No choca, porque entra en la lógica de los comportamientos comunes, imaginar a Jack Warner y Louis B. Mayer, dos patronos déspotas, escupiendo los nombres díscolos de sus nóminas ante McCarthy, cazador de izquierdistas cuya mano derecha era un joven sonriente (que aprendió mucho de su jefe) llamado Richard Nixon. Pero hay algo feo, asqueante al recordar al gallardo Gary Cooper, encarnación por excelencia del hombre bueno americano, convertido en un rastrero delator de colegas rojos ante un salvaje tribunal político inquisitorial, que puso patas arriba la armonía que sostenía la pelea cotidiana en el viejo Hollywood y dejó a éste convertido en un espectro de lo que había sido: nunca nadie se rehizo del paso de aquella trituradora de caracteres, de convicciones y de orgullos, hace medio siglo, allí.

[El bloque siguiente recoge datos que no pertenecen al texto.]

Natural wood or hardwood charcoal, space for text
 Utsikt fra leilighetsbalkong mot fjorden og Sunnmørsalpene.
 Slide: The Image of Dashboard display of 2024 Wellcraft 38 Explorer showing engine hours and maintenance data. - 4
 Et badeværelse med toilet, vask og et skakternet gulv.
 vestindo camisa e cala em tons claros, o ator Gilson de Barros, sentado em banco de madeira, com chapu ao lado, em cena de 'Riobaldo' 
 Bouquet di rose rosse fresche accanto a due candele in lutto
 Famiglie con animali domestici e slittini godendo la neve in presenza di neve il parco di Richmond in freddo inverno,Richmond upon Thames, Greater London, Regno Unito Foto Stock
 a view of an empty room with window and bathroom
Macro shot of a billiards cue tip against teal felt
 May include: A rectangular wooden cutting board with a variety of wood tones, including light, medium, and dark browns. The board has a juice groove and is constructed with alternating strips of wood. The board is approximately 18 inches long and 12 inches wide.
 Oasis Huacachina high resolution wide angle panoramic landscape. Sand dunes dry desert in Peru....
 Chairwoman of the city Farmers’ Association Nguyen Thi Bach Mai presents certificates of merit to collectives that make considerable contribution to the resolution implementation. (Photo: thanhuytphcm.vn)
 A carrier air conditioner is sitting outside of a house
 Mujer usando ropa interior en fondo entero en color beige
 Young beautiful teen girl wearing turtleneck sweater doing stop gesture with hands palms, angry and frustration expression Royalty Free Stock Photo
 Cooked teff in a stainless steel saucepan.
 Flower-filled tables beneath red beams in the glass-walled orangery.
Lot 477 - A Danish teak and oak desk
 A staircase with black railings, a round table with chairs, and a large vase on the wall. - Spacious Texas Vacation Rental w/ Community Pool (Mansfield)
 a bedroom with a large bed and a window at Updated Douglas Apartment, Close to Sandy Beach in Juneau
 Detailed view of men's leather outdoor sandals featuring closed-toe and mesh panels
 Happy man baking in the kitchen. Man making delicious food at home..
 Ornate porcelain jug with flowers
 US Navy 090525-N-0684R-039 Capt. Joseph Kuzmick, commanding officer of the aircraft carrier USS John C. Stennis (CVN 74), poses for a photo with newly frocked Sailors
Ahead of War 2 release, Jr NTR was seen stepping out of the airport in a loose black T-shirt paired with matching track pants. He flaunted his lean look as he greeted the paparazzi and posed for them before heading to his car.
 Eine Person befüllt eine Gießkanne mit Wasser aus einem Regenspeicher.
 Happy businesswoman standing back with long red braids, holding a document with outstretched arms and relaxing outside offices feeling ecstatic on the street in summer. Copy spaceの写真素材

Entre 1947 y 1952 McCarthy -"Su rostro es casi bestial, su cerebro está lleno de sombras", dijo, tras entrevistarle, Raymond Cartier; y Eduardo Haro Tecglen encerró así su tarea: "La gran piara en la que fue cerdo el senador McCarthy"- abrió casi 300 investigaciones (de ideas que perseguir, no delitos que castigar) contra profesionales del cine, en las que tuvieron lugar unas 700 testificaciones de haber conocido sus ideas comunistas por delatores de alcurnia, entre los que se cuentan, además de Gary Cooper, Sam Wood, Robert Taylor, Adolphe Menjou y comunistas arrepentidos como Edward Dmytryk, Elia Kazan; Budd Schulberg, Clifford Odets, Robert Rossen, Sterling Hayden, entre docenas de otros nombres célebres.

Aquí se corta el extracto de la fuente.